The build story for production would be basically the same as the existing rollup module. There would just need to be an AST rewrite for static/dynamic imports at certain paths instead of searching for tagged template functions.

And a sensible default could be any import for files that are not in shared or child directories of the client side entry point will use hashed modules.

So

// entry point to client code

// not a hashed module
import component from './component/example.js'

// also not a hashed module
import styles from './styles.js'

// by default, a hashed module
import server from '../server/example.js'

// server is a proxy object, when we invoke a function
// the call is translated to a POST request like so:
// POST { query: md5({ "file": /server/example.js', "path": 'nested.someFunction' }), values: [1,2] }
await server.nested.someFunction(1,2)

No eval is required, the server just resolves the request via a dynamic import, the path will have been resolved to the project root. And pass the values into the executed function. That would be the default server side handler. But you could also run that server side module in a lambda, a cloudflare worker, or on some other server.

porsager commented 3 years ago

This is great James!

I'm not even sure we'd need proxies? We can just convert "server calls" in the client output to calls like we do currently.

So eg.

import server from '../server/example.js'
await server.nested.someFunction(1,2)

would just be compiled into

import hql from 'hql' // which can be bundled further
await hql(hash, ...args)

The relevant info for lookup (file path and object path) would go into the output hashql uses in the server, and the client lib would expose an option to handle these "global" requests.

JAForbes commented 3 years ago

Ah that's even better!

JAForbes commented 3 years ago

I'm juggling several big things at the moment so I can't tackle it right now but I'm keen to in the next few weeks as long as you're not planning on it @porsager?

JAForbes commented 3 years ago

I'm not even sure we'd need proxies? We can just convert "server calls" in the client output to calls like we do currently.
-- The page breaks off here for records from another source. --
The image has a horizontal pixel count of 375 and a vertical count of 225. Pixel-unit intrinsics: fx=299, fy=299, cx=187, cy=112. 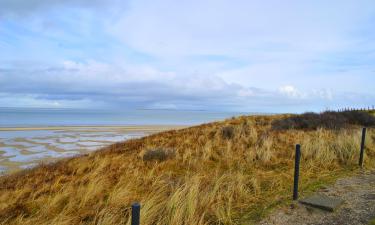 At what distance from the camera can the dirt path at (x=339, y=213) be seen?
4.40m

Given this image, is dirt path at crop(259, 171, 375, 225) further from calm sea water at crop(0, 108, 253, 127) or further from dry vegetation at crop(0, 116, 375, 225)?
calm sea water at crop(0, 108, 253, 127)

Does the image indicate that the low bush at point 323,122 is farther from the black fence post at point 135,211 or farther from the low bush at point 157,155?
the black fence post at point 135,211

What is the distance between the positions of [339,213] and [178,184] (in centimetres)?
281

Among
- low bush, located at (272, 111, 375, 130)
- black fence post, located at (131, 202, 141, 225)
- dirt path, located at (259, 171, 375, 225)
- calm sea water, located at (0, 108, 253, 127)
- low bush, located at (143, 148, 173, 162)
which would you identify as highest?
low bush, located at (272, 111, 375, 130)

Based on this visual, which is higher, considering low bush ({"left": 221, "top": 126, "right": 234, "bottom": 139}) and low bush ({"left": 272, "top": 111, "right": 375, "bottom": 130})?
low bush ({"left": 272, "top": 111, "right": 375, "bottom": 130})

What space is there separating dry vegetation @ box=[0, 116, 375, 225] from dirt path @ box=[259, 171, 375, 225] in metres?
0.35

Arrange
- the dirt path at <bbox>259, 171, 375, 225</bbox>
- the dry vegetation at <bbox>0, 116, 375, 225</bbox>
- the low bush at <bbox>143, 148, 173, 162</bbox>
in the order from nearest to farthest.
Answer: the dirt path at <bbox>259, 171, 375, 225</bbox> → the dry vegetation at <bbox>0, 116, 375, 225</bbox> → the low bush at <bbox>143, 148, 173, 162</bbox>

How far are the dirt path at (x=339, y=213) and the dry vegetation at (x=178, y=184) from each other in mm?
348

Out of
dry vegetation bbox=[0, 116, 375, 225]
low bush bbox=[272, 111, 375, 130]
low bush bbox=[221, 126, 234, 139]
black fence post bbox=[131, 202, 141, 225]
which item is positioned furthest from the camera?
low bush bbox=[272, 111, 375, 130]

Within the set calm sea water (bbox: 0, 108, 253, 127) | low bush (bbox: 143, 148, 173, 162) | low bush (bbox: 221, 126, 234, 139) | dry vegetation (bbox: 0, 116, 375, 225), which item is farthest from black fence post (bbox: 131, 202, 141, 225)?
calm sea water (bbox: 0, 108, 253, 127)

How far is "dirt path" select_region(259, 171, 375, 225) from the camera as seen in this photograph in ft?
14.4

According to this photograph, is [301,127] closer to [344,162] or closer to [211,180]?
[344,162]

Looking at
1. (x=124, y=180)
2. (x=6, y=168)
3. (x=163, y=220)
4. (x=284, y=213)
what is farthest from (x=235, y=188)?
(x=6, y=168)

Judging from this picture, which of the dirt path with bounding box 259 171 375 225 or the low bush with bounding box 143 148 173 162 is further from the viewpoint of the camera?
the low bush with bounding box 143 148 173 162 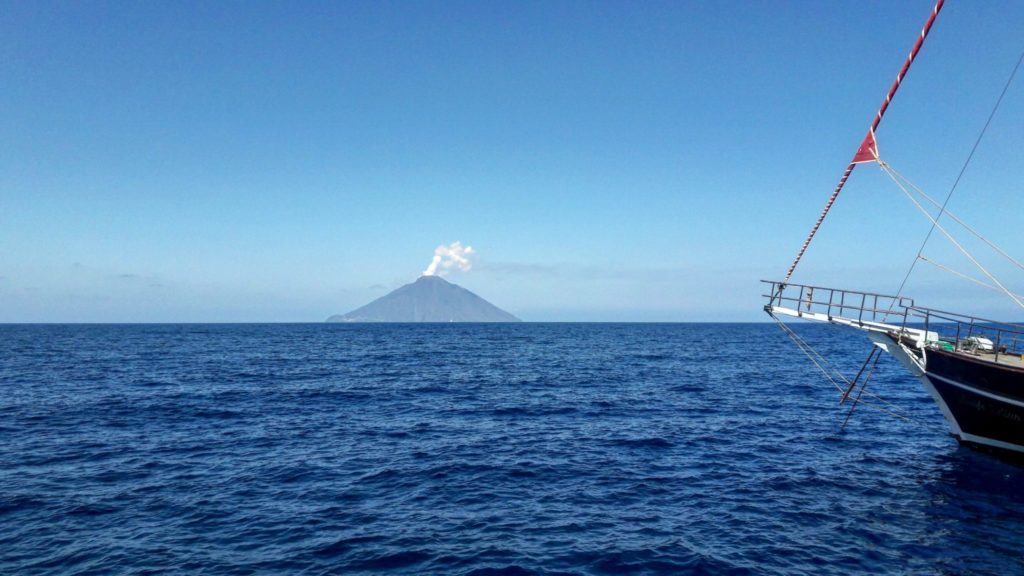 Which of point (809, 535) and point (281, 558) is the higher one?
point (809, 535)

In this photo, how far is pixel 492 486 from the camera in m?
18.4

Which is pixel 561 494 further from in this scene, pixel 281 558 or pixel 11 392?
pixel 11 392

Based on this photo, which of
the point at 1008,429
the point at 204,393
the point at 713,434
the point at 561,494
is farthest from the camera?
the point at 204,393

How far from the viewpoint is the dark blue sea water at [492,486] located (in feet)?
43.8

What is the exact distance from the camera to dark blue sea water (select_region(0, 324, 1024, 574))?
1336cm

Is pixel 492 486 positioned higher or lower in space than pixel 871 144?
lower

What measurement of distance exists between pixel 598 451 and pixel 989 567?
12459 mm

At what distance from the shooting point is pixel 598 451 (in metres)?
22.7

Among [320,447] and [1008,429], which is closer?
[1008,429]

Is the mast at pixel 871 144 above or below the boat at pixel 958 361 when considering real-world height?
above

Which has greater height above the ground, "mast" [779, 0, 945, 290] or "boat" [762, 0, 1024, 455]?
"mast" [779, 0, 945, 290]

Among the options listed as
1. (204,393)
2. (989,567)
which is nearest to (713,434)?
(989,567)

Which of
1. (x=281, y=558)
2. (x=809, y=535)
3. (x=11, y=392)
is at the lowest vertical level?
(x=11, y=392)

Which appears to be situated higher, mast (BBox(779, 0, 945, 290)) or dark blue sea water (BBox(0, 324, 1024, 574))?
mast (BBox(779, 0, 945, 290)) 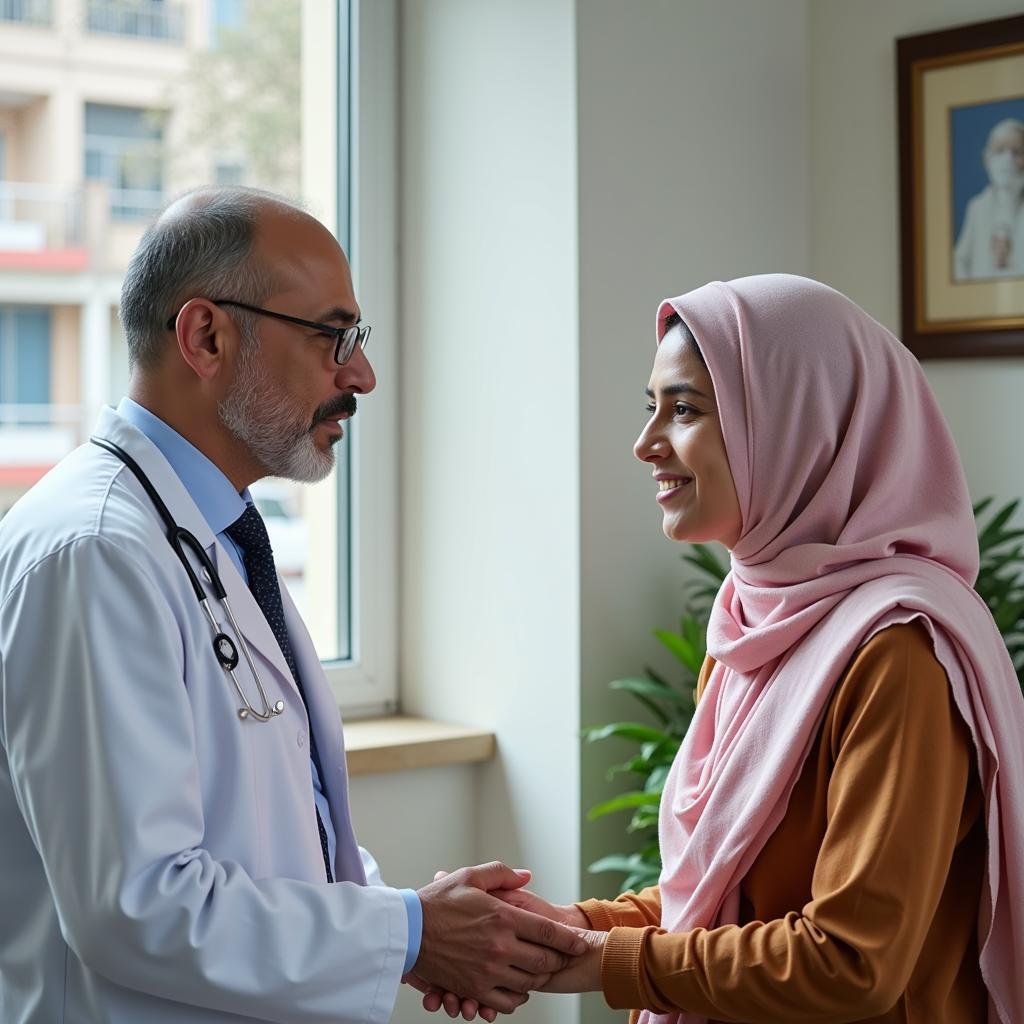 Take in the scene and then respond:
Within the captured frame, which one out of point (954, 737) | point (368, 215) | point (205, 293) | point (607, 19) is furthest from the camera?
point (368, 215)

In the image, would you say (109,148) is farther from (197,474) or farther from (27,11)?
(197,474)

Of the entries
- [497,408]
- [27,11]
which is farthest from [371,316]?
[27,11]

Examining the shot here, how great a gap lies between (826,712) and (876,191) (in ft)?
5.83

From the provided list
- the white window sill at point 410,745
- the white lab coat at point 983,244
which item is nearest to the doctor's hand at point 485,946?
the white window sill at point 410,745

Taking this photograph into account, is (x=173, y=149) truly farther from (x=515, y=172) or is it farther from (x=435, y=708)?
(x=435, y=708)

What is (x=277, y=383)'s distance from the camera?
67.3 inches

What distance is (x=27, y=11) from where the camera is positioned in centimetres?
261

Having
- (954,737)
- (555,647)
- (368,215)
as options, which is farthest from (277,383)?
(368,215)

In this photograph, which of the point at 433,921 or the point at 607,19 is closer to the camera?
the point at 433,921

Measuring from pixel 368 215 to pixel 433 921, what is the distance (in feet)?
5.57

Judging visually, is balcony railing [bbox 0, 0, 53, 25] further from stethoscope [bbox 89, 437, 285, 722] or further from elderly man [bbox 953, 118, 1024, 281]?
elderly man [bbox 953, 118, 1024, 281]

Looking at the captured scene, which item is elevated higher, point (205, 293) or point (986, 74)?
point (986, 74)

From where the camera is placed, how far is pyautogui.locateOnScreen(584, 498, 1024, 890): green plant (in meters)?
2.46

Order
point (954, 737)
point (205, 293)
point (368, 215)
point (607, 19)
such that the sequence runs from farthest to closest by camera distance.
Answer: point (368, 215) < point (607, 19) < point (205, 293) < point (954, 737) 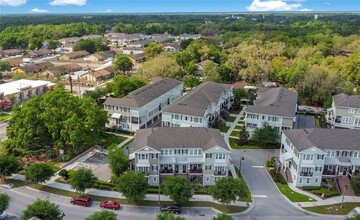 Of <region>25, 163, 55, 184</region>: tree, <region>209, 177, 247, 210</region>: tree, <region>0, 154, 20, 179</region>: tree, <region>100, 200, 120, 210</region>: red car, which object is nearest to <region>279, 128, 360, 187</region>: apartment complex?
<region>209, 177, 247, 210</region>: tree

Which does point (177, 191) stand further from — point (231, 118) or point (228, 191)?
point (231, 118)

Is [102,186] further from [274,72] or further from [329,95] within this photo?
[274,72]

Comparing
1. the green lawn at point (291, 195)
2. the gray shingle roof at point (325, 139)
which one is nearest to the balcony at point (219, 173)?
the green lawn at point (291, 195)

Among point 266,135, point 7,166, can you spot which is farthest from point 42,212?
point 266,135

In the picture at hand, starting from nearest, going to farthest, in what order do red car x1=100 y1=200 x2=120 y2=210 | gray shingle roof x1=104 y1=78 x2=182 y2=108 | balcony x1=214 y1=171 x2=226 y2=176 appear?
red car x1=100 y1=200 x2=120 y2=210
balcony x1=214 y1=171 x2=226 y2=176
gray shingle roof x1=104 y1=78 x2=182 y2=108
I'd really like this to work without having to transform the client side source at all for local development. And for that to work, I think there needs to be some kind of "fake module" sent back from a dev server for local development. Not necessarily using proxies, but with the same export interface as the real module.

That way the dev server can respond to normal native imports. And import maps could be conceivably used to configure which paths target the hashed modules' server side handler.

JAForbes commented 3 years ago

Just leaving a note to say I'm still intending to continue this work, just got a bit on my plate at the moment. Should be able to pick it up again in a few weeks.